Prompt:
Beginning with the line that contains "Abstracts of All" and ending with the line that contains "The North Face", reproduce the lines of the entries below exactly, omitting pictures.

Listed entries:

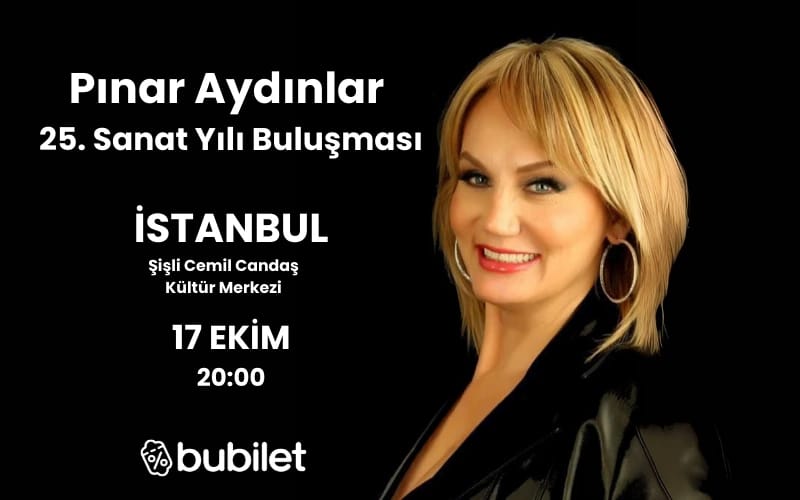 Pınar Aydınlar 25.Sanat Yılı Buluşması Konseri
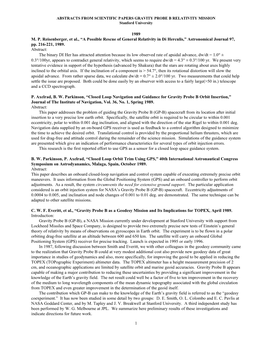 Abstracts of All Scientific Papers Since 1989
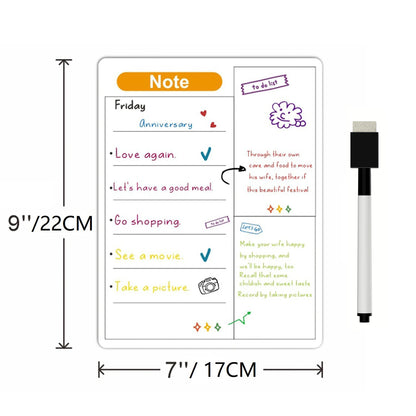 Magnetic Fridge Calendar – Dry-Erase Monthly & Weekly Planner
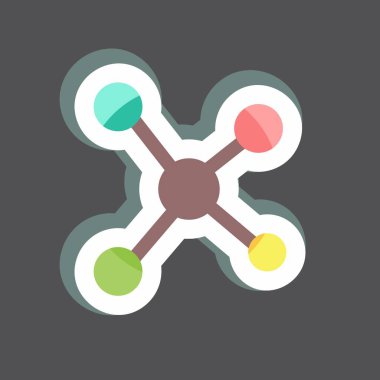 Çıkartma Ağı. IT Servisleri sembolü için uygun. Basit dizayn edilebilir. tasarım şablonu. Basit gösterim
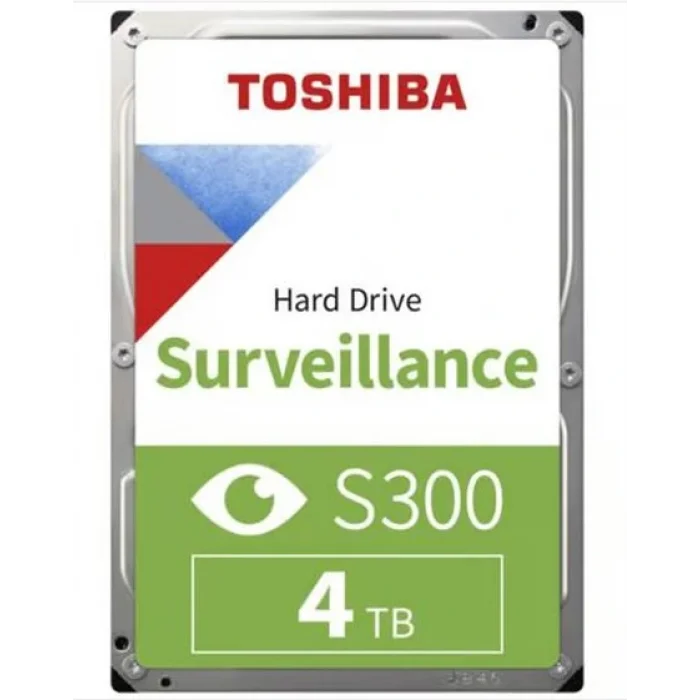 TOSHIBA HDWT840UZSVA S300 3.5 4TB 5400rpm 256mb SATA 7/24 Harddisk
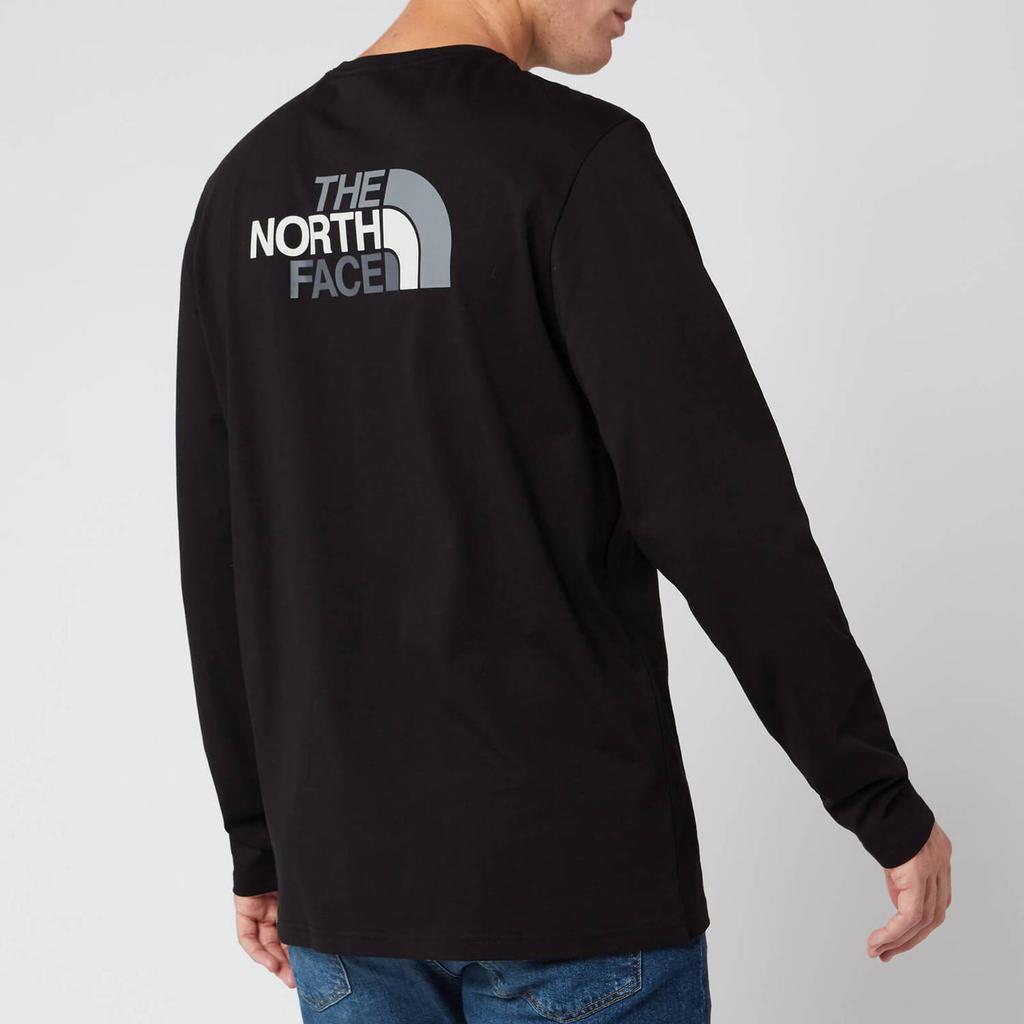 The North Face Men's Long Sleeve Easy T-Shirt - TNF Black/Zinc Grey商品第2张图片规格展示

--

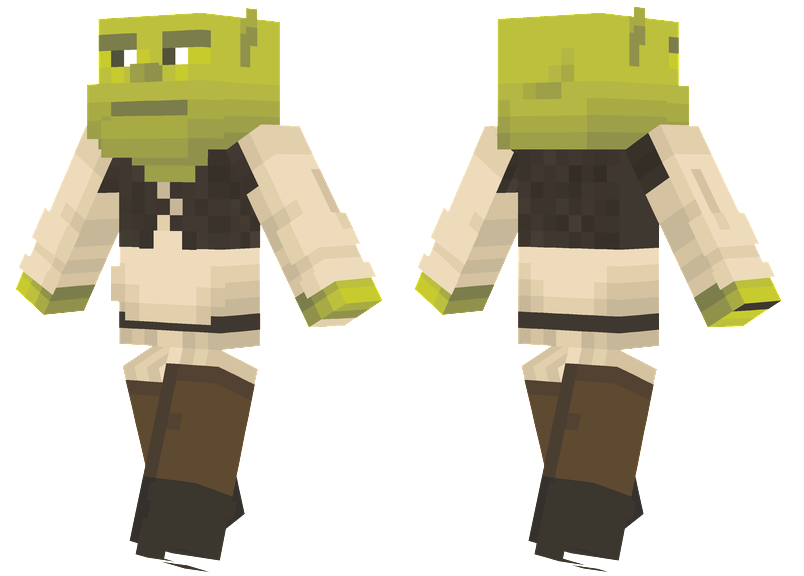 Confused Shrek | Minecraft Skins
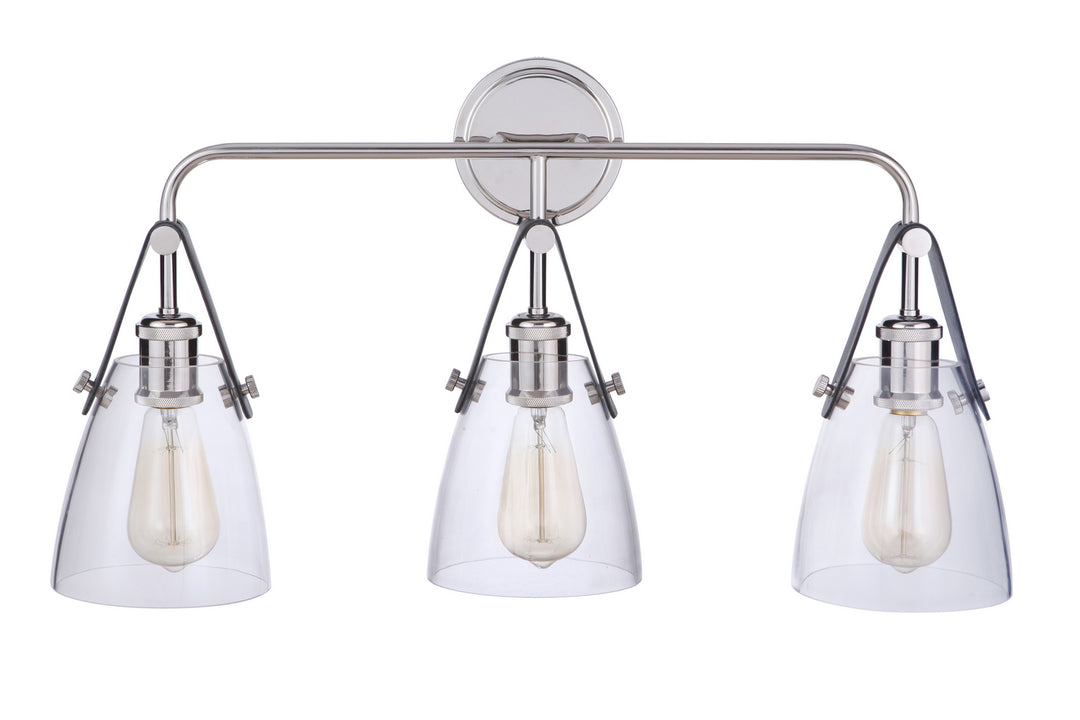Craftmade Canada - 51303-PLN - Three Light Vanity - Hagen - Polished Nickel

Output below:
 Abstracts of All Scientific Papers Since 1989
 Magnetic Fridge Calendar – Dry-Erase Monthly & Weekly Planner
 Çıkartma Ağı. IT Servisleri sembolü için uygun. Basit dizayn edilebilir. tasarım şablonu. Basit gösterim
 TOSHIBA HDWT840UZSVA S300 3.5 4TB 5400rpm 256mb SATA 7/24 Harddisk
 The North Face Men's Long Sleeve Easy T-Shirt - TNF Black/Zinc Grey商品第2张图片规格展示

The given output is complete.